YOUR TASK: Your response to the data below should hold nothing except the lines from the one containing "Rhododendron 'Red Jack'" down to the one containing "Queenmore Dog Life", reproduced exactly and without pictures.

MATERIAL FOR THIS TASK:
━━━━━━━━━━━━━━━━

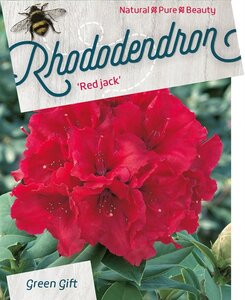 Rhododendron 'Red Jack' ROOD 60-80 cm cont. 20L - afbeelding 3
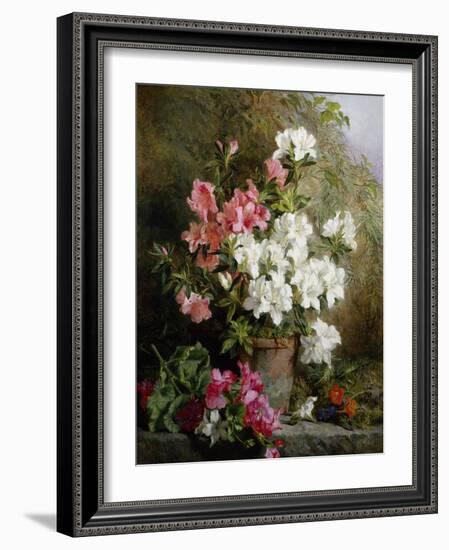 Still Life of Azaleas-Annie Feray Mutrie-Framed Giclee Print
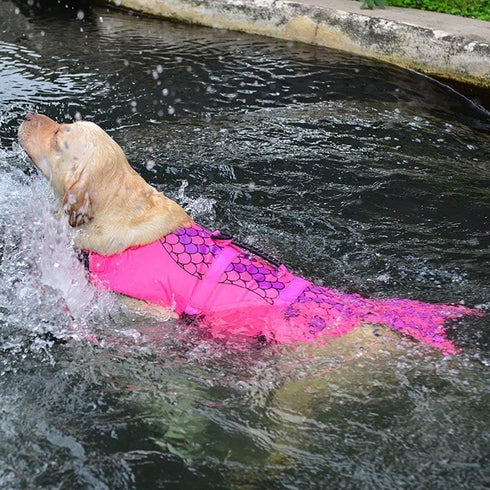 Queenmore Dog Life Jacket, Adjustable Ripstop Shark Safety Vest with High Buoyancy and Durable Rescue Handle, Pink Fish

━━━━━━━━━━━━━━━━

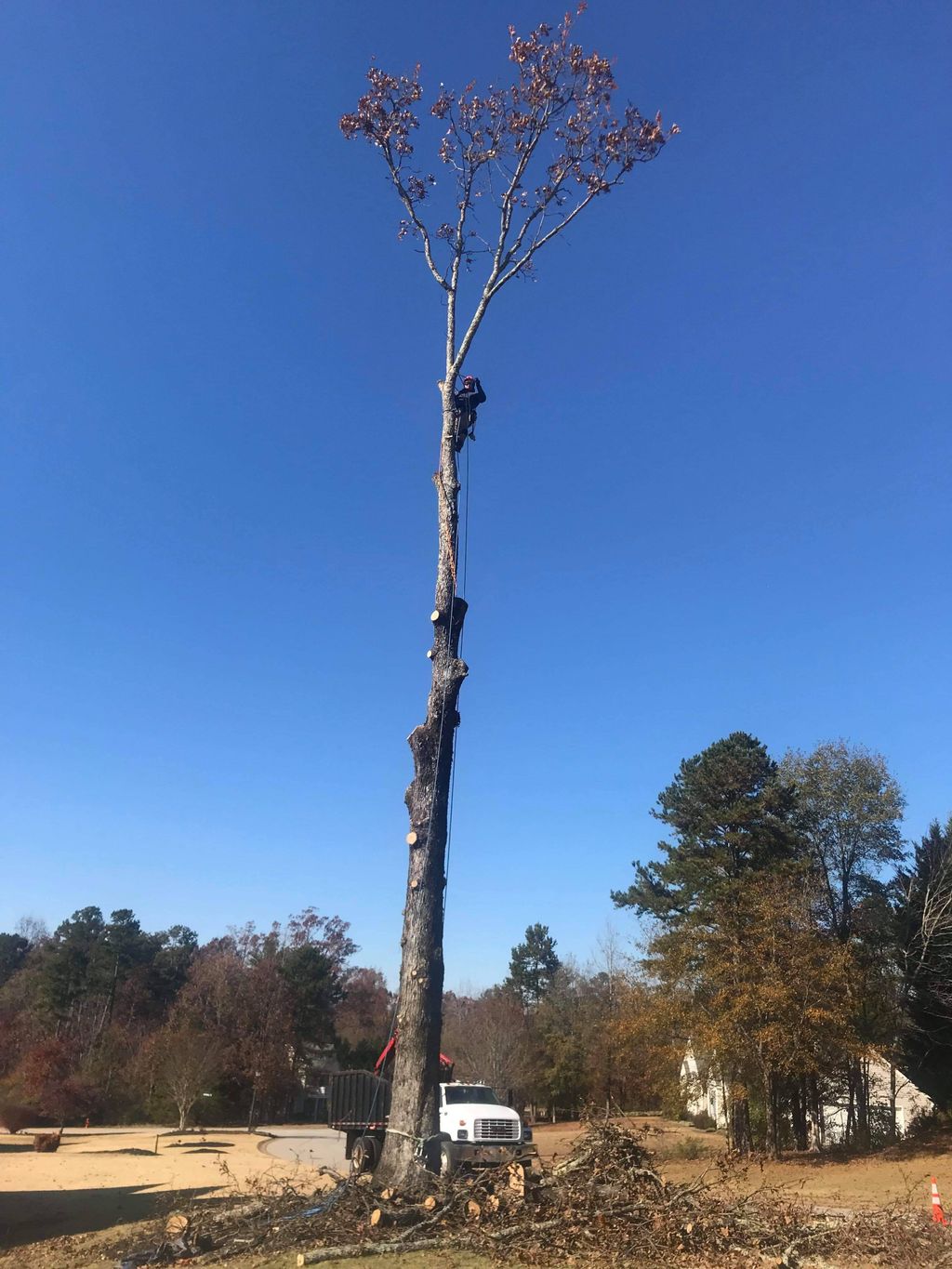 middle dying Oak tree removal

━━━━━━━━━━━━━━━━

ANSWER SPACE:
 Rhododendron 'Red Jack' ROOD 60-80 cm cont. 20L - afbeelding 3
 Still Life of Azaleas-Annie Feray Mutrie-Framed Giclee Print
 Queenmore Dog Life Jacket, Adjustable Ripstop Shark Safety Vest with High Buoyancy and Durable Rescue Handle, Pink Fish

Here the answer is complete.